The impact of migration extends far beyond the absentee population. At nearly USD 11 billion, remittance inflows accounted for one-quarter of Nepal’s GDP. As of FY 2024/25, these inflows are fueling high consumption at over 93 per cent of GDP, helping reduce poverty from 42 per cent to 20 per cent, and boosting foreign exchange reserves to a record high of over USD 18 billion. What makes remittances even more substantial is their stability. Remittances are counter-cyclical as they tend to increase during times of crisis. Whether in the aftermath of the 2015 earthquake or the COVID-19 pandemic, Nepali migrant workers increased their transfers when they were needed the most.

At its core, migration is a story of freedom. As Nobel laureate Amartya Sen reminds us, development is about expanding people’s capabilities to lead lives they have reason to value. In many ways, migration is a vote with one’s feet. Young Nepalis today are not simply chasing material wealth abroad; they are responding to a revolution of rising aspirations. Exposure to the world through migration, globalisation, and social media has expanded their imagination of what is possible. Nepal’s persistently negative net migration rate signals a deeper structural gap in its development model, where upward mobility feels out of reach at home. Workers will naturally gravitate towards places where wages are higher. Once a few migrate, network effects kick in with one person’s decision opening the door for many family members, friends, and acquaintances to follow. Migration is often explained as hardship at home “pushing” youth out and better opportunities abroad “pulling” them in. 

Too often, policy debates around “productive use” of remittances miss the point: institutional problems demand institutional solutions. It is easier to question how families spend remittances than to confront why people are compelled to migrate in the first place.

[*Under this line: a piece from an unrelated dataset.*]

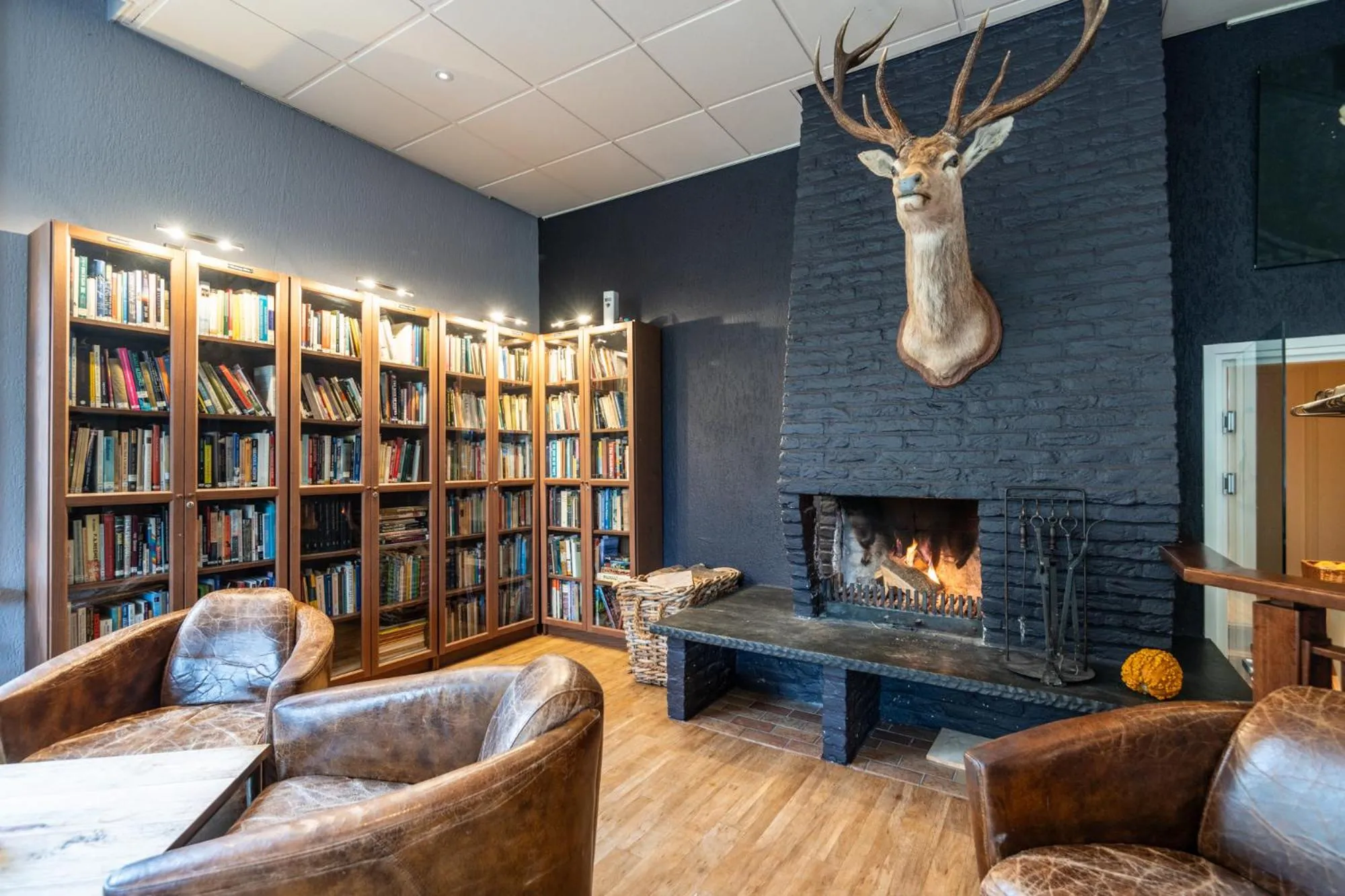 Library in Landgoed Stakenberg - Hotel & Bungalows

In an economy with low productivity and limited job opportunities, what could be more productive for a household than investing in children’s education, paying off debt, or building a home? NLSS IV (2022/23) shows that over 70 per cent of remittances are used for daily consumption, with the rest for loan repayment, education, housing, and small investments. Put simply, migration serves as a means to an end for human capital development, which is just as crucial as physical capital for securing a better future.

Dutch Disease

Nepal’s overreliance on remittances resembles symptoms of Dutch Disease. As first observed in the Netherlands, heavy dependence on the export of a single resource, whether natural gas or labour services, can create conditions where large foreign currency inflows cause the value of domestic currency to appreciate. This makes other exports more expensive abroad and its domestic industries less competitive. As a result, the country can get trapped in a vicious cycle where the dominant resource crowds out other productive sectors. In Nepal’s case, the flow of remittances into import-based consumption raises the risk of crowding out agriculture and manufacturing while locking the country into a cycle of exporting its people instead of its products.

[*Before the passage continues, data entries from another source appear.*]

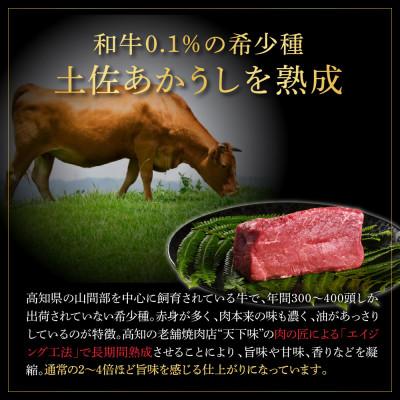 ふるさと納税 土佐市 土佐あかうし 特選スネ肉煮込み角切り500g　田野屋銀象完全天日塩1P付き |  | 01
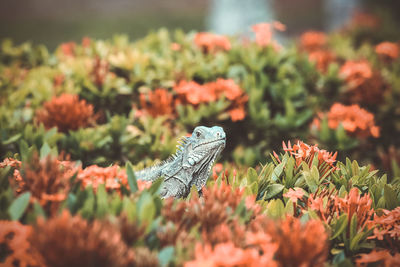 Close-up of butterfly on plants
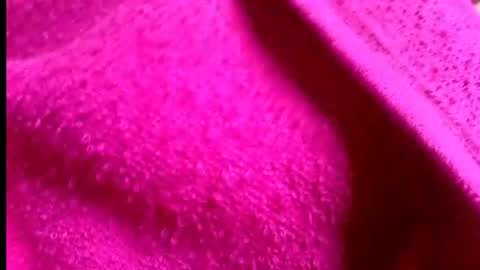 Rosi online show from 07/14/26, 01:41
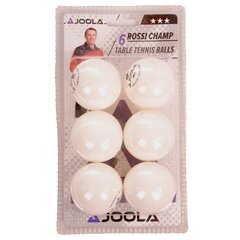 Мячи для настольного тенниса Joola Rossi Champ, 6шт. цена и информация | Мячи для настольного тенниса | kaup24.ee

Nepal can break free by diversifying its linkages to the global economy. First, Nepal needs higher economic growth to expand its production possibilities frontier. Its comparative advantage sectors, such as agriculture, hydropower, tourism, and ICT, can be scaled up by strategically leveraging land linkages with its fast-growing neighbours, India and China. Second, Nepal needs to build inclusive institutions. The rollout of the biometric National ID can unlock the potential of digital public infrastructure to curb corruption leakages and improve public service delivery. Third, Nepal must prepare its youth for a skill-biased technological future. Nepal’s next transformation depends more on people choosing to stay or return than just on people leaving. To retain its youth or welcome them back, Nepal must create opportunities where freedom to be and to do is found not just abroad, but right here at home.


(Thapa holds an MA in Economics with specialisation in World Economy from Jawaharlal Nehru University, India.)